**Directions for this task**
Write the entries out again exactly as they stand, but without the pictures.

**Source material**
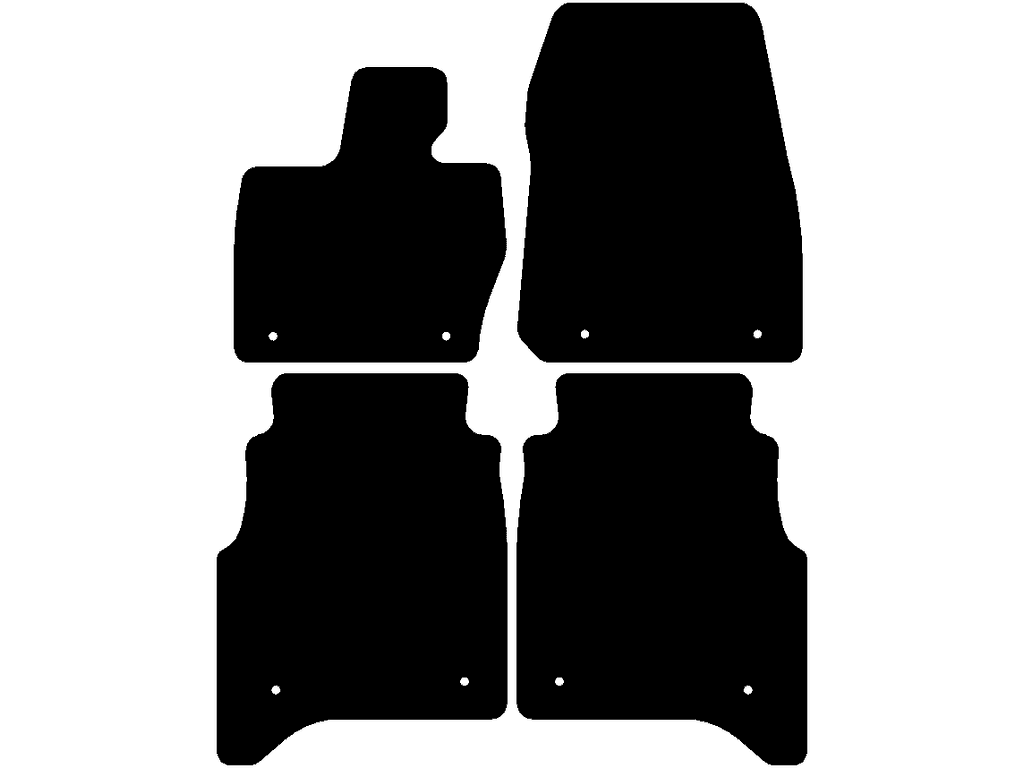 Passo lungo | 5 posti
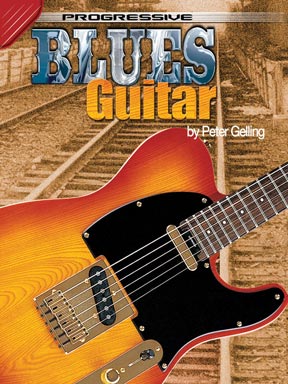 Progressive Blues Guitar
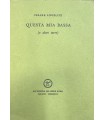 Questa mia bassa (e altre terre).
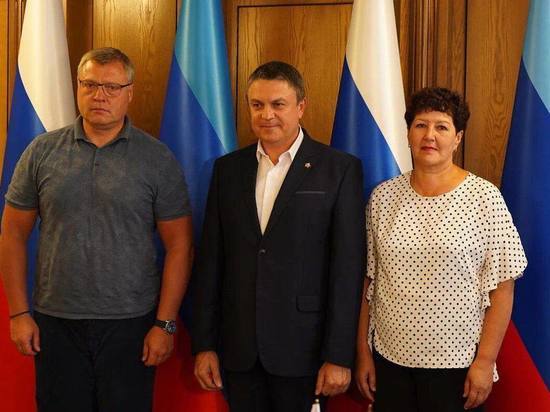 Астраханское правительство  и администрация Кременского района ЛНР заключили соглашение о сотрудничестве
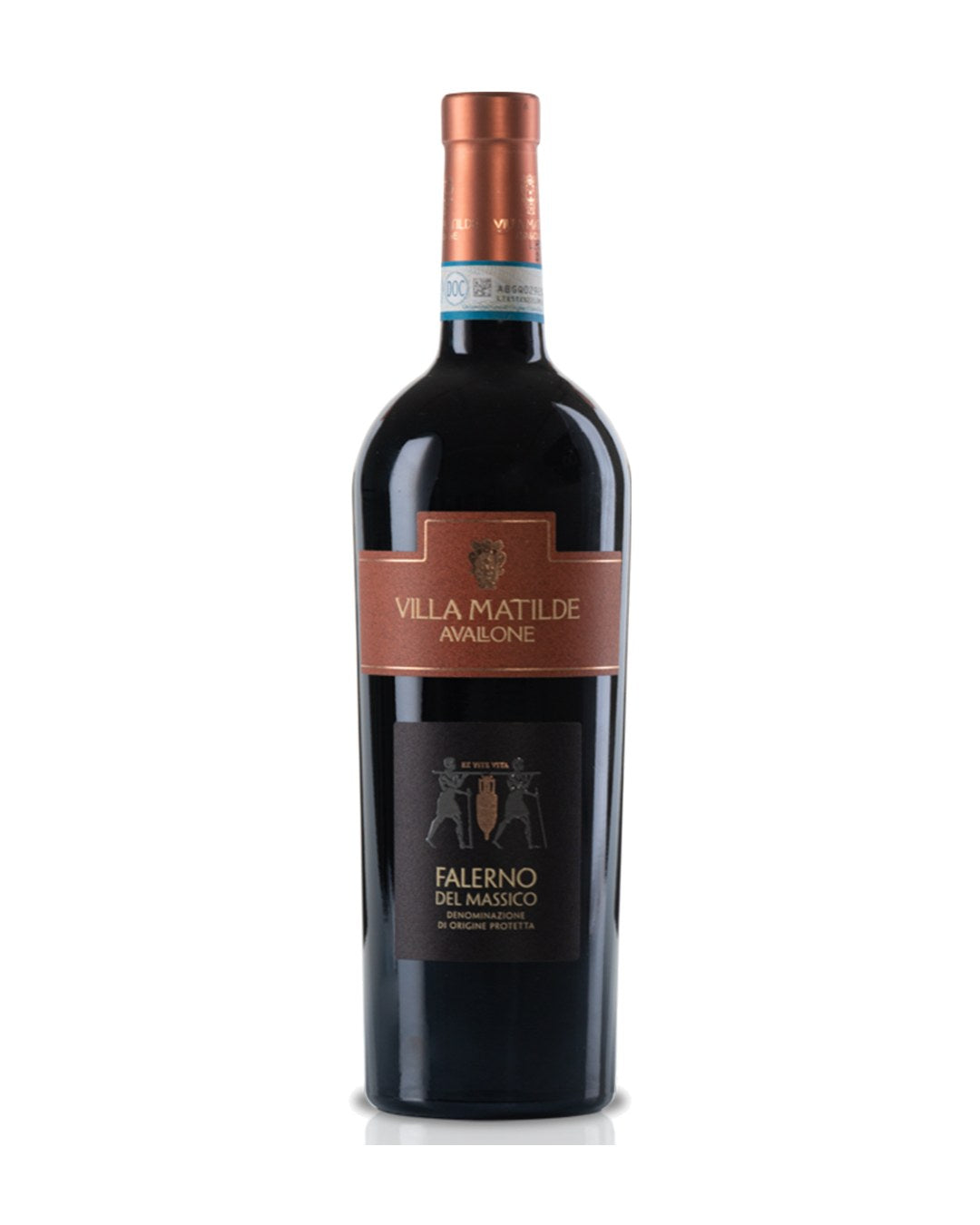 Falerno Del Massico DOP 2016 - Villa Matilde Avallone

**Exercise output**
 Passo lungo | 5 posti
 Progressive Blues Guitar
 Questa mia bassa (e altre terre).
 Астраханское правительство  и администрация Кременского района ЛНР заключили соглашение о сотрудничестве
 Falerno Del Massico DOP 2016 - Villa Matilde Avallone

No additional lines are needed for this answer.